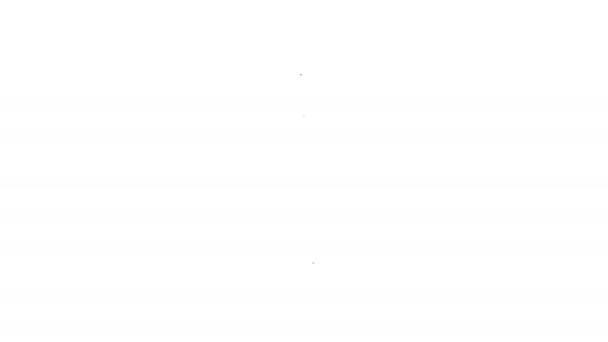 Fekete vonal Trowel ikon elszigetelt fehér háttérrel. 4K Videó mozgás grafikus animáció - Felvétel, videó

======

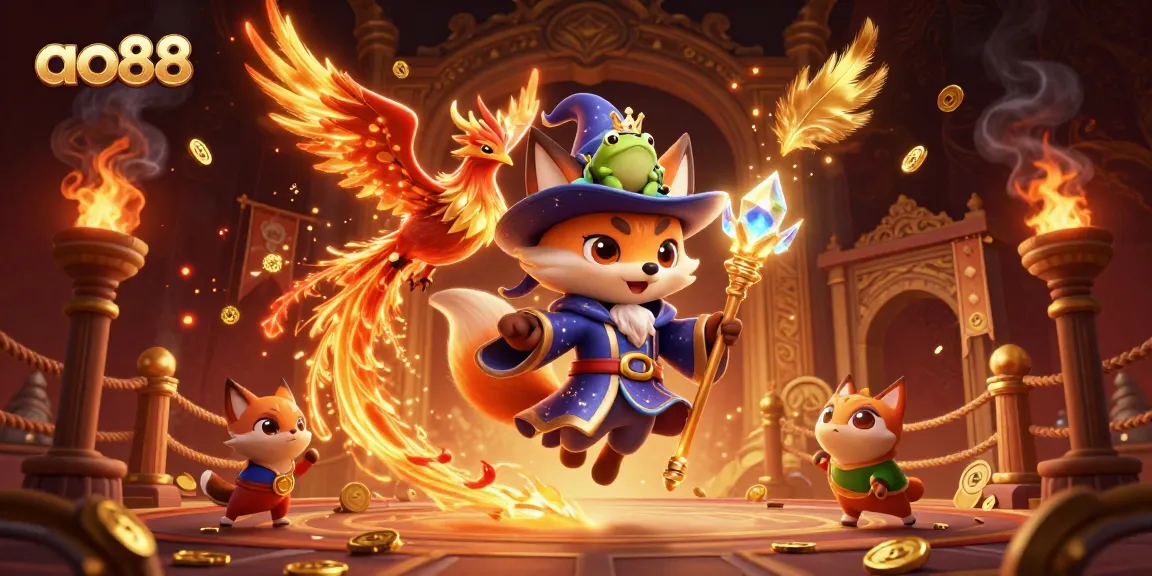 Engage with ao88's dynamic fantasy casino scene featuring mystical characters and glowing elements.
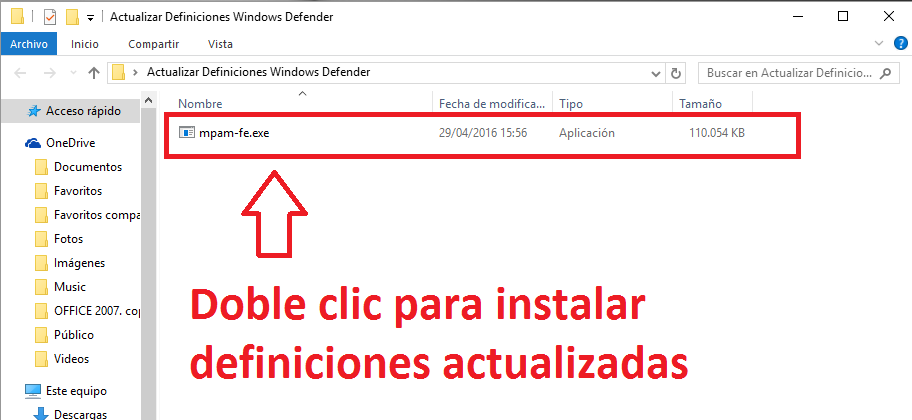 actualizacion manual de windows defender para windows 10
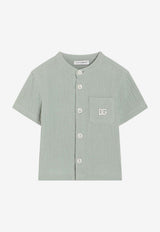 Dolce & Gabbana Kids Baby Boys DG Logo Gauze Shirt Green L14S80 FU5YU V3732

======

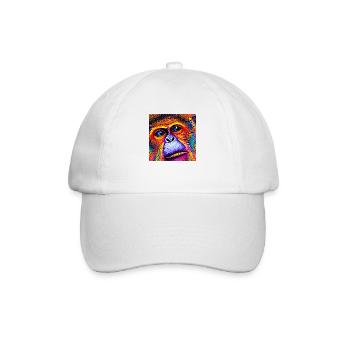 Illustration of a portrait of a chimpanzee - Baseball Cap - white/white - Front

======

Exercise:
Each line from the one that contains "Engage with ao88's" down to the one that contains "Dolce & Gabbana" is to be returned exactly as it stands above, both ends included, with pictures removed.

Reply:
 Engage with ao88's dynamic fantasy casino scene featuring mystical characters and glowing elements.
 actualizacion manual de windows defender para windows 10
 Dolce & Gabbana Kids Baby Boys DG Logo Gauze Shirt Green L14S80 FU5YU V3732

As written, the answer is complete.